An incisive and illuminating analysis of the enduring legacy of the post-Civil War period known as Reconstruction - a comprehensive story of Black Americans' struggle for human rights and dignity and the failure of the nation to fulfill its promises of freedom, citizenship, and justice.

In the aftermath of the Civil War, millions of free and newly freed African Americans were determined to define themselves as equal citizens in a country without slavery—to own land, build secure families, and educate themselves and their children. Seeking to secure safety and justice, they successfully campaigned for civil and political rights, including the right to vote. Across an expanding America, Black politicians were elected to all levels of government, from city halls to state capitals to Washington, DC.

But those gains were short-lived. By the mid-1870s, the federal government stopped enforcing civil rights laws, allowing white supremacists to use suppression and violence to regain power in the Southern states. Black men, women, and children suffered racial terror, segregation, and discrimination that confined them to second-class citizenship, a system known as Jim Crow that endured for decades.

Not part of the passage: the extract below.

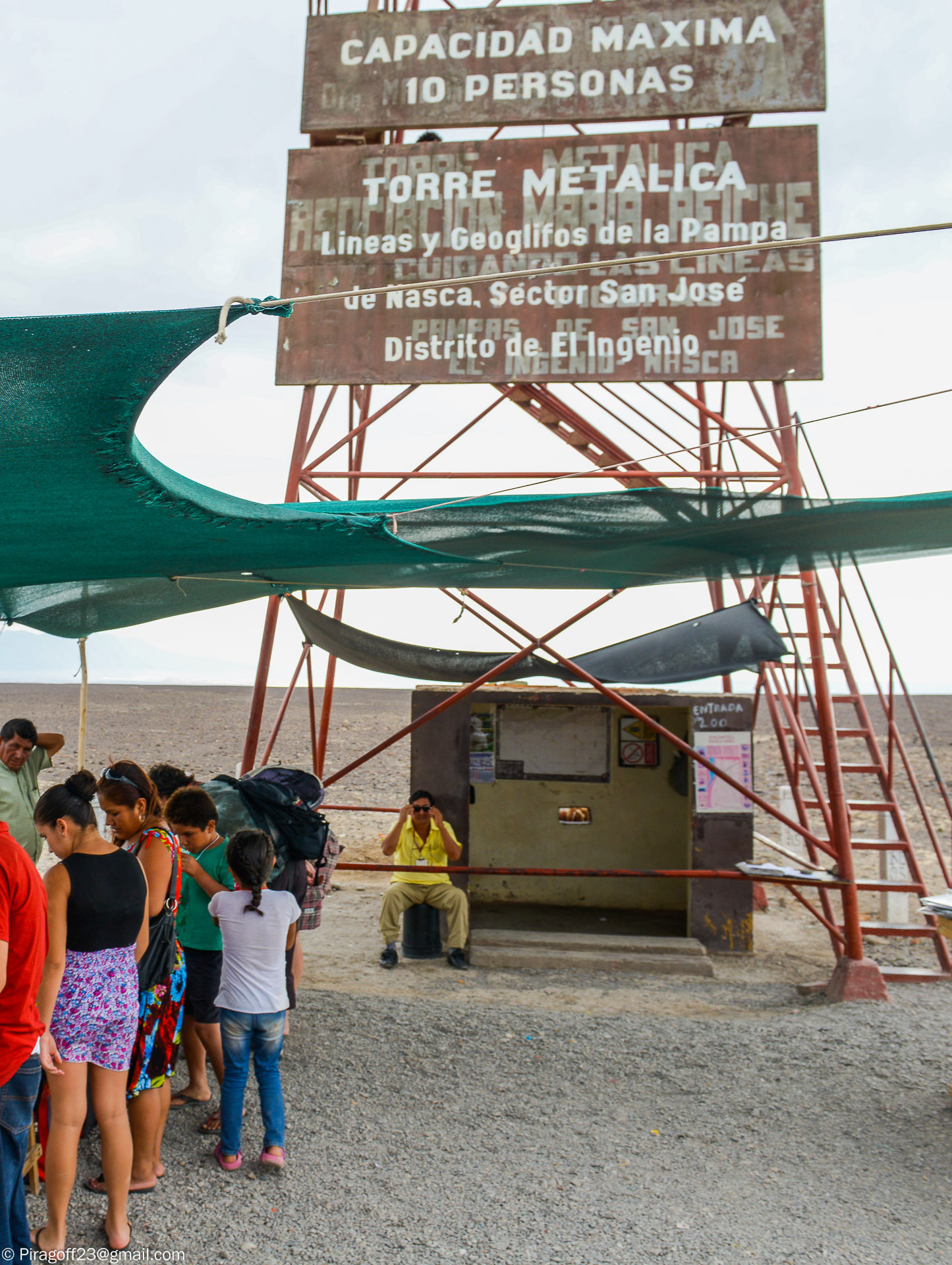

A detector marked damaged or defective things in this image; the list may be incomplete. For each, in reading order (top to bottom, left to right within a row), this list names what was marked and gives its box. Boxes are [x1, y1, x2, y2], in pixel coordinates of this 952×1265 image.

rusty red steel beam [304, 384, 414, 475]
rusty red steel beam [320, 586, 619, 784]
rusty red steel beam [333, 860, 844, 890]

More than a century has passed since the revolutionary political, social, and economic movement known as Reconstruction, yet its profound consequences reverberate in our lives today. Make Good the Promises explores five distinct yet intertwined legacies of Reconstruction—Liberation, Violence, Repair, Place, and Belief—to reveal their lasting impact on modern society. It is the story of Frederick Douglass, Frances Ellen Watkins Harper, Hiram Revels, Ida B. Wells, and scores of other Black men and women who reshaped a nation—and of the persistence of white supremacy and the perpetuation of the injustices of slavery continued by other means and codified in state and federal laws.

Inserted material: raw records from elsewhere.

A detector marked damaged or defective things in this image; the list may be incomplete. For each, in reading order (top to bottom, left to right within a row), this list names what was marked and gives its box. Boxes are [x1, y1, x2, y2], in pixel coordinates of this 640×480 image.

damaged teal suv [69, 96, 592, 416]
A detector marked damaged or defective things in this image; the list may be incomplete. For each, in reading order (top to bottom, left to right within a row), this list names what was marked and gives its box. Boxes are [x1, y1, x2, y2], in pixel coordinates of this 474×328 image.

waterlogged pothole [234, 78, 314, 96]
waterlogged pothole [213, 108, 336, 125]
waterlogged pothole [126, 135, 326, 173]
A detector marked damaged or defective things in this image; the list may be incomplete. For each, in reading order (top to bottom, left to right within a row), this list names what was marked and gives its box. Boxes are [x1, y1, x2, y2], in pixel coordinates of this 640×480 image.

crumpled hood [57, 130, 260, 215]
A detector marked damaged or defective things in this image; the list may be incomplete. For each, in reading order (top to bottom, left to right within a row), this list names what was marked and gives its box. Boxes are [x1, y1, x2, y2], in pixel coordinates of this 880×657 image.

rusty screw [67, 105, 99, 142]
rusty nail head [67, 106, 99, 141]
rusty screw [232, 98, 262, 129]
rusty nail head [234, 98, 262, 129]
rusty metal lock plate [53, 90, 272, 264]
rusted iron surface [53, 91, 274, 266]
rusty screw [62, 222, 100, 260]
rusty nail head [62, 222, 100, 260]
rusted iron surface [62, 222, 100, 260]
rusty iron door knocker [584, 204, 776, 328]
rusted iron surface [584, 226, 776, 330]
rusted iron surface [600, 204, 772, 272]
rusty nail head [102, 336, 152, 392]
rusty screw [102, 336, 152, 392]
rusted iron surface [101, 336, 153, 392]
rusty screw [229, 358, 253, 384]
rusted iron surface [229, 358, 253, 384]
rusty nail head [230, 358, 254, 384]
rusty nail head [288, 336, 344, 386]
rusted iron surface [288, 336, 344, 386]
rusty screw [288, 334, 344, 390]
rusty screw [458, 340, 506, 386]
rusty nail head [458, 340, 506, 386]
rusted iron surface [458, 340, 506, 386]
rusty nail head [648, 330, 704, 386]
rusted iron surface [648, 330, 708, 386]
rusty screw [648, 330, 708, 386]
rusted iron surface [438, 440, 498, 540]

With contributions by leading scholars, and illustrated with 80 images from the exhibition, Make Good the Promises shows how Black Lives Matter, #SayHerName, antiracism, and other current movements for repair find inspiration from the lessons of Reconstruction. It touches on questions critical then and now: What is the meaning of freedom and equality? What does it mean to be an American? Powerful and eye-opening, it is a reminder that history is far from past; it lives within each of us and shapes our world and who we are.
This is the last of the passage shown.